Opvallend: geen van de aangeschreven internet- en hostingbedrijven deelt hoeveel malafide resellers er in hun klantenbestand zaten. ‘Het betreft bedrijfsgevoelige informatie die zij niet specifiek wensen te delen’, schrijft de minister.
Wel heeft ze van brancheorganisatie Dutch Cloud Community gehoord dat ‘enkele’ hostingproviders actie hebben ondernomen naar aanleiding van de brief en namenlijst. Ook zijn er gesprekken tussen de politie en de Dutch Cloud Community over mogelijkheden om signalen van malafide wederverkopers ‘structureler’ met hostingproviders te delen.
Aanpak
In 2021 waarschuwde de politie ook al voor bulletproof-hosters van Russische komaf die via de Nederlandse digitale infrastructuur 'zaken doen'. Op verzoek van de internetsector kwam de politie in 2022 met een lijst met namen van malifide resellers.
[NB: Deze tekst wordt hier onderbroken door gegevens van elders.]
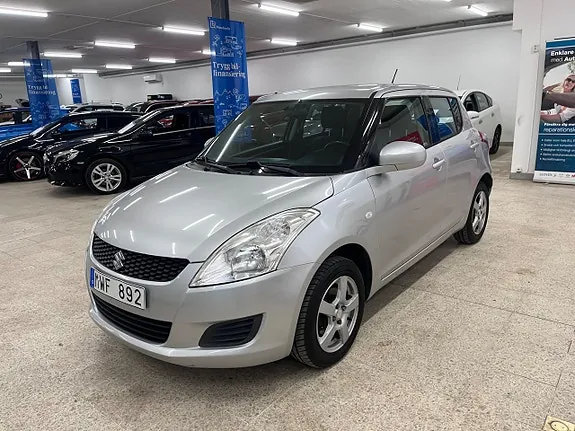 Suzuki Swift 2012 photo 3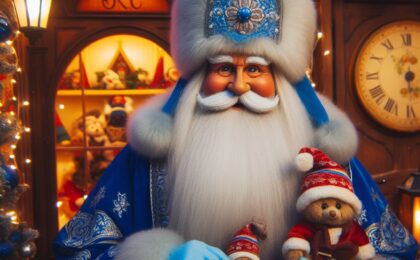 Particularidades y curiosidades sobre sobre la celebración de la Navidad y Año Nuevo en Rusia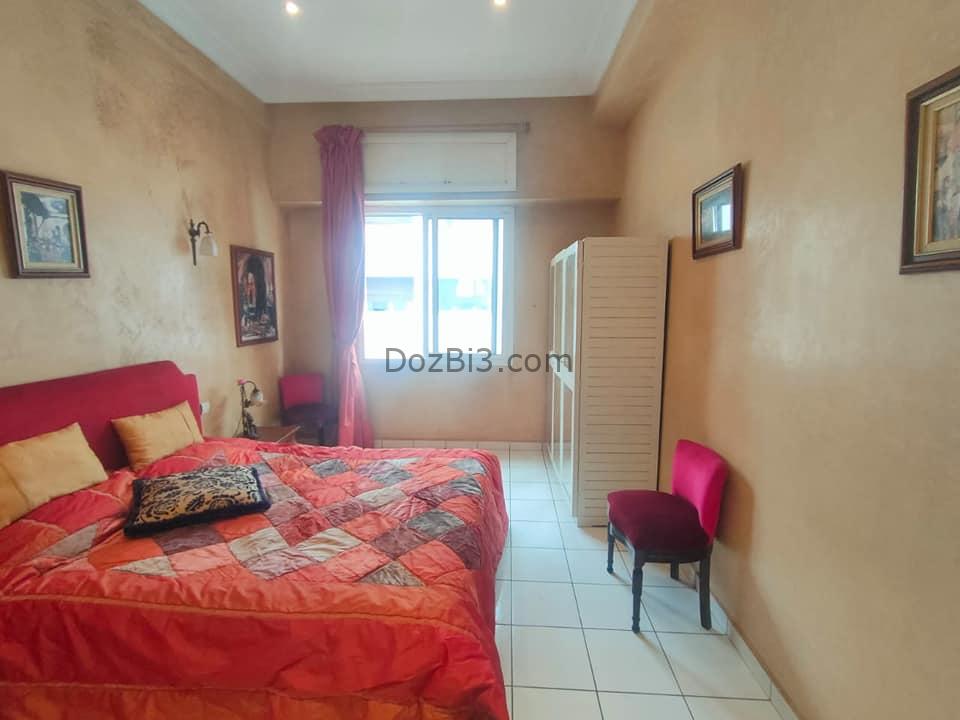 Location appartement meublé à Gauthier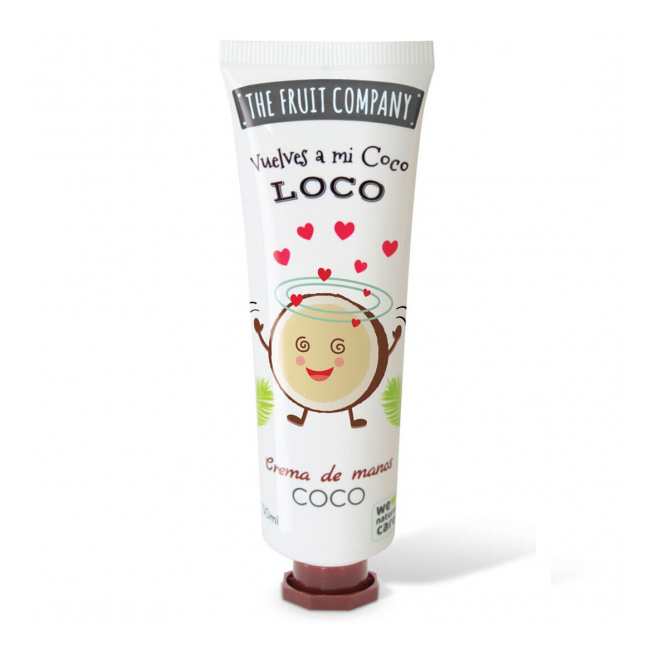 Mini Crema de Maini pentru geanta, calatorii 50ml Cocos DNC64238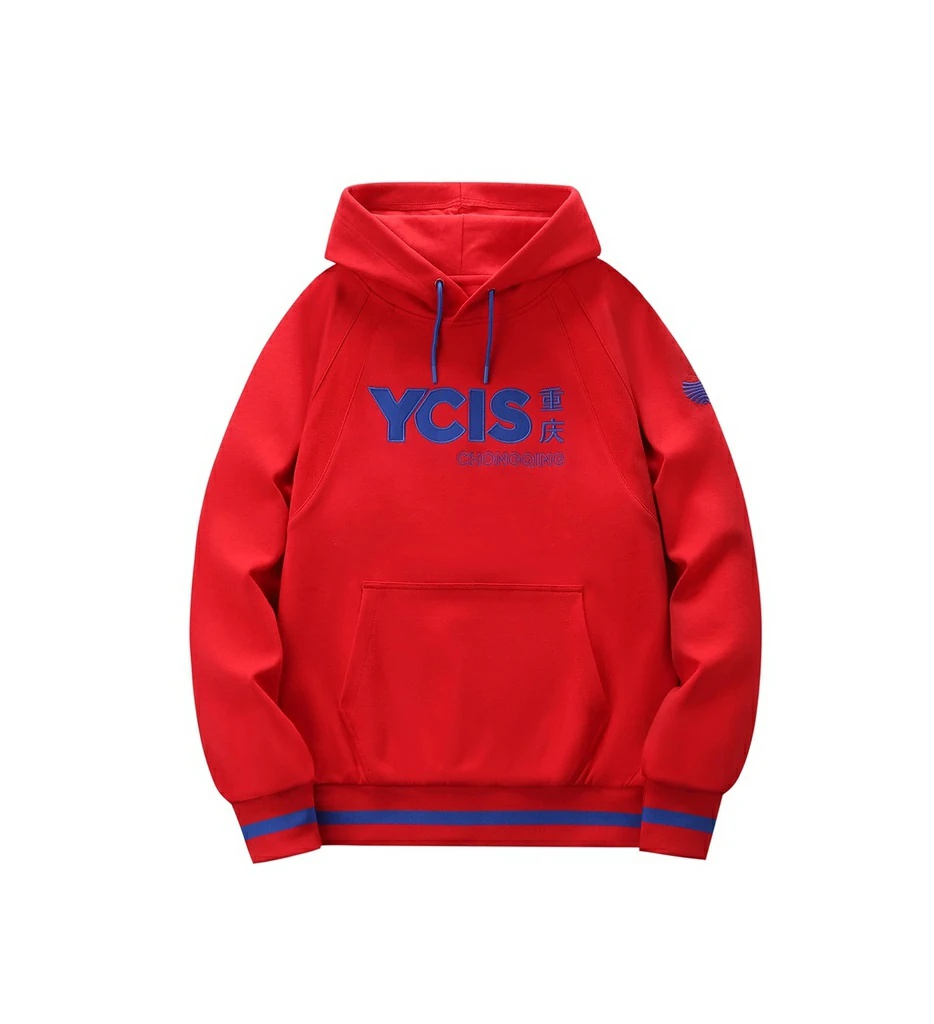 耀中套头帽衫-ECE、PRI款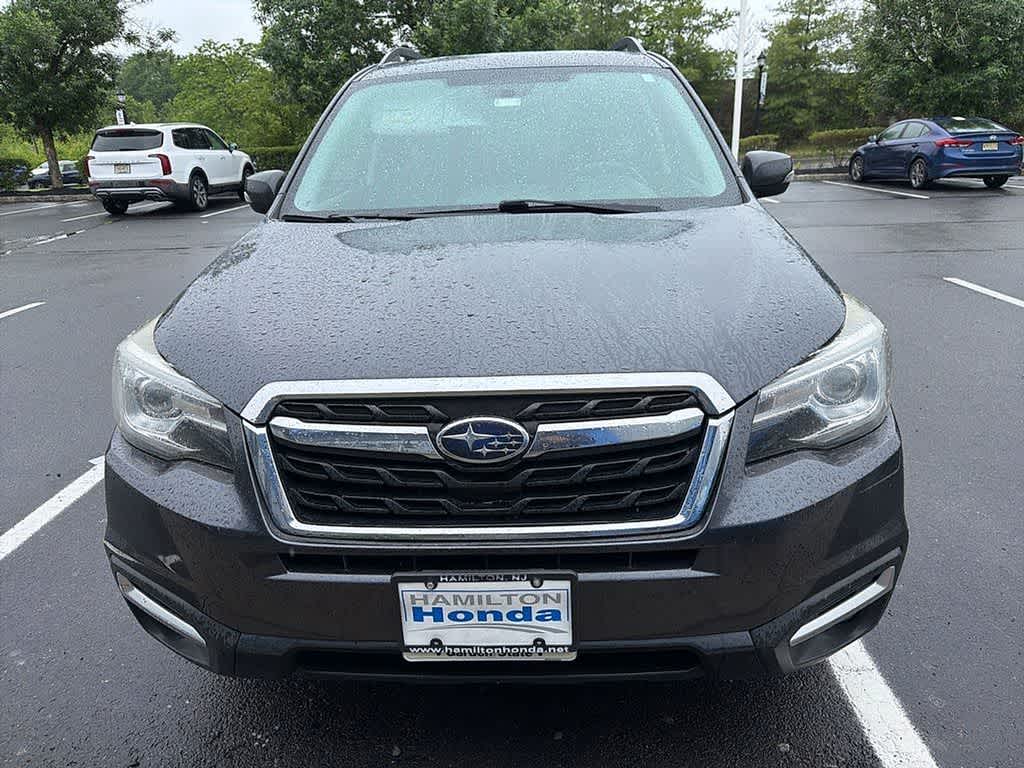 2018 Subaru Forester Touring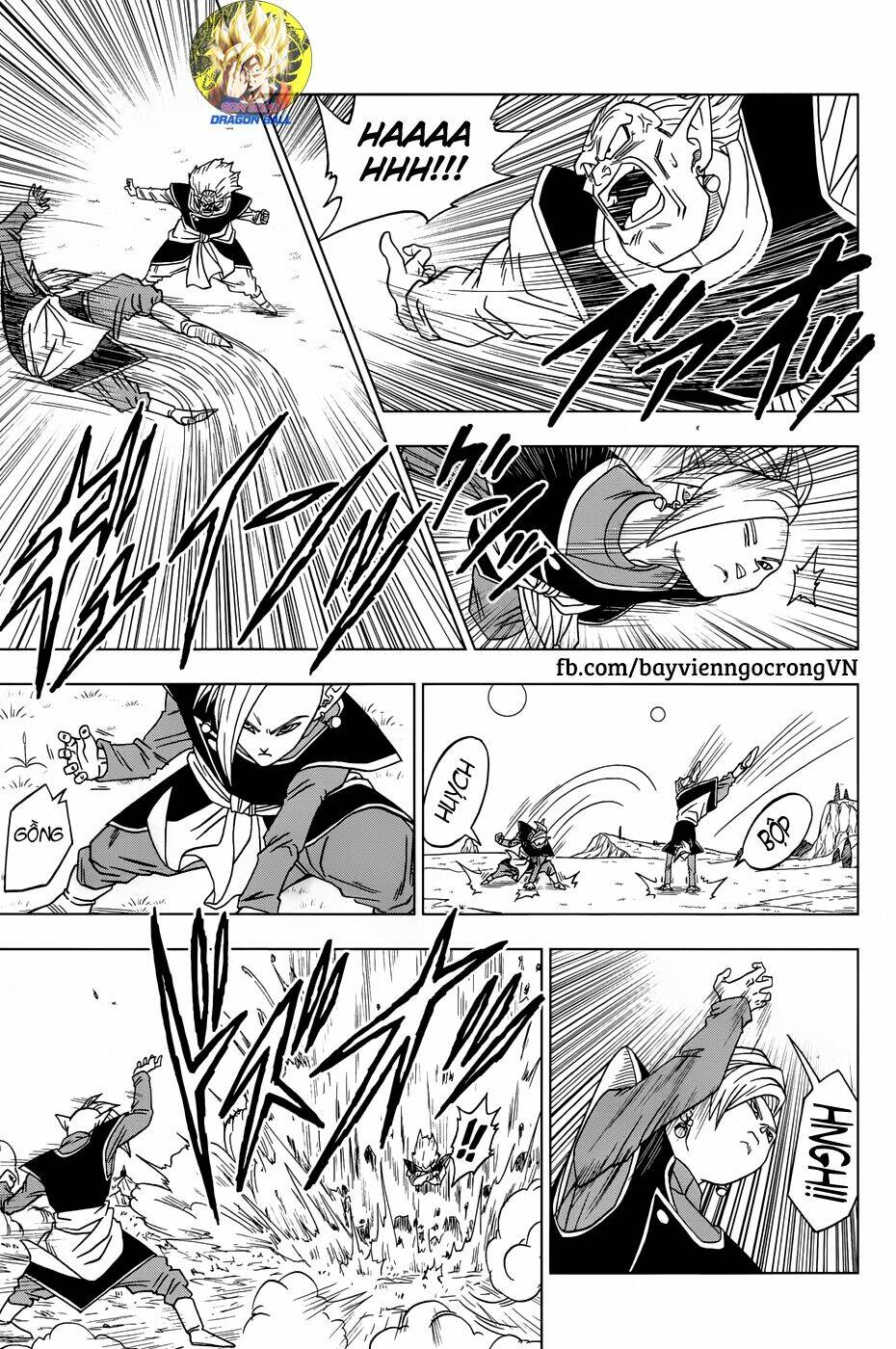 Truy Tìm Ngọc Rồng Siêu Cấp - Chapter 16 - Page 29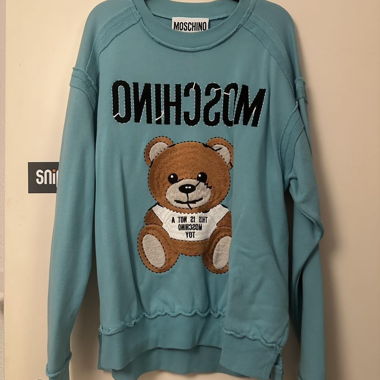 Moschino Teddy Sweater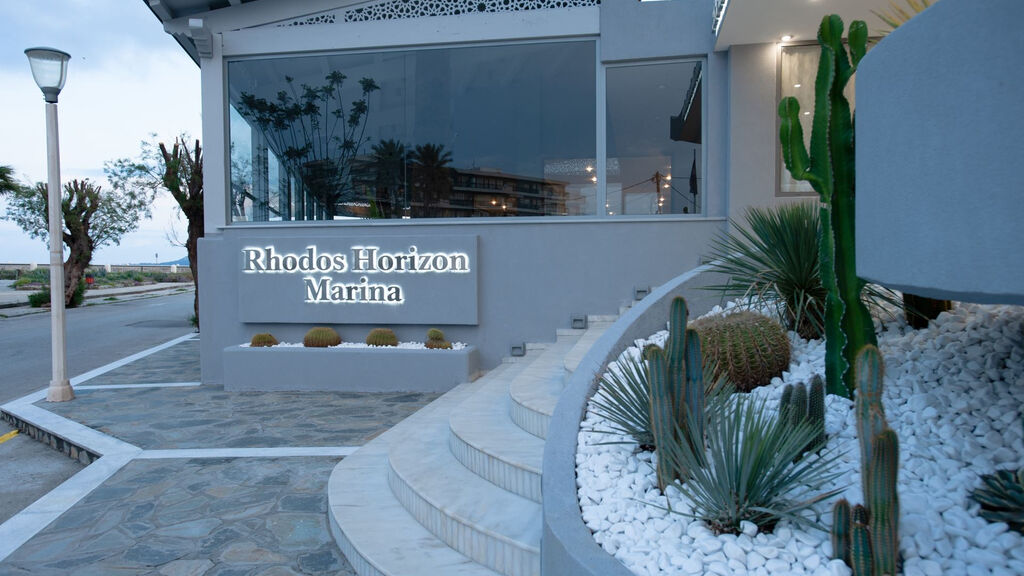 Rhodos Horizon Marina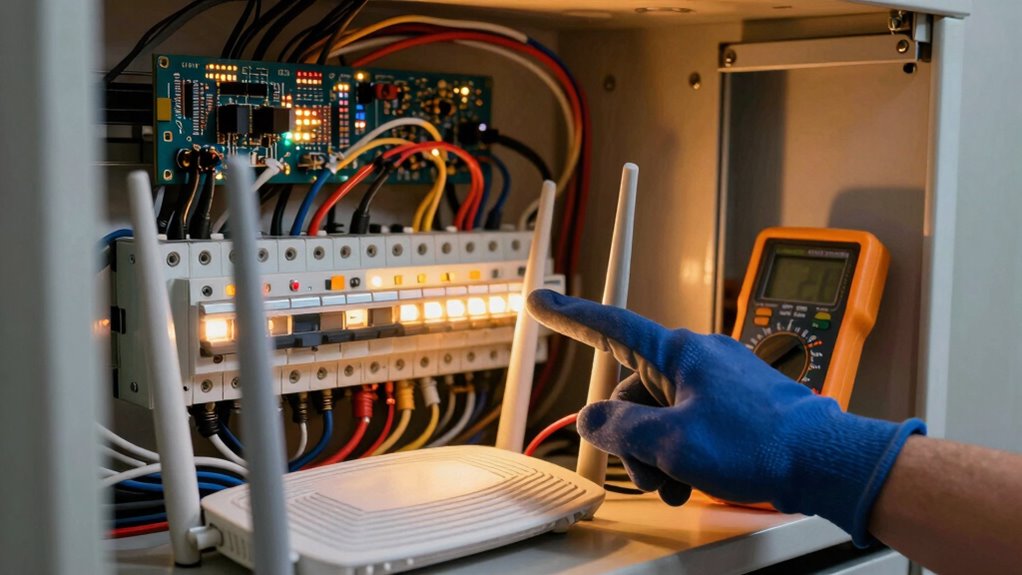 prioritize essential system repairs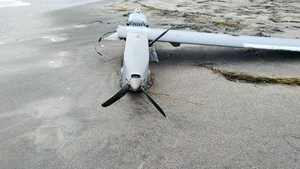 Alertă în Marea Neagră! A fost localizată o dronă subacvatică. Ce au descoperit autoritățile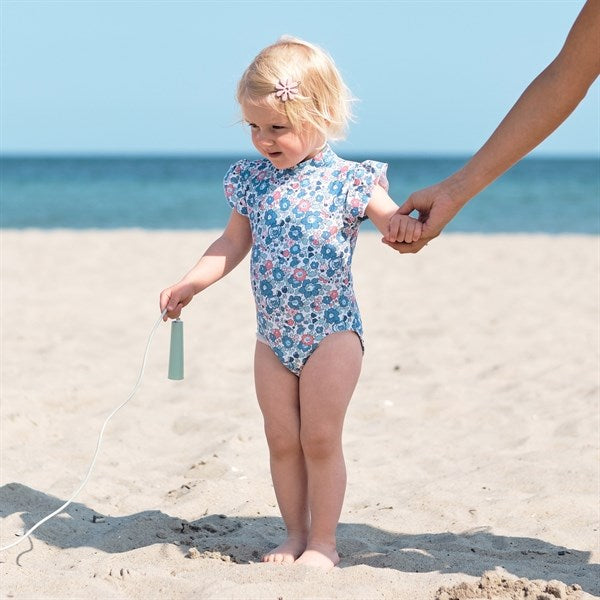 Petit Crabe Betsy B Beaa Baddräkt Liberty© fabric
In de brief van de minister staan vooral ‘oplossingsrichtingen’ die verkend worden. Het gaat bijvoorbeeld om het delen van informatie over criminele handelingen tussen het ministerie en de hostingsector. Dat gebeurt binnen het project Cleannetworks. Daarin delen de Stichting Nationale Beheersorganisatie Internet Providers en het ministerie informatie waardoor internet- en hostingproviders zich beter kunnen beveiligen tegen dreigingen. Het project krijgt geld van het ministerie en een securityfonds van de EU.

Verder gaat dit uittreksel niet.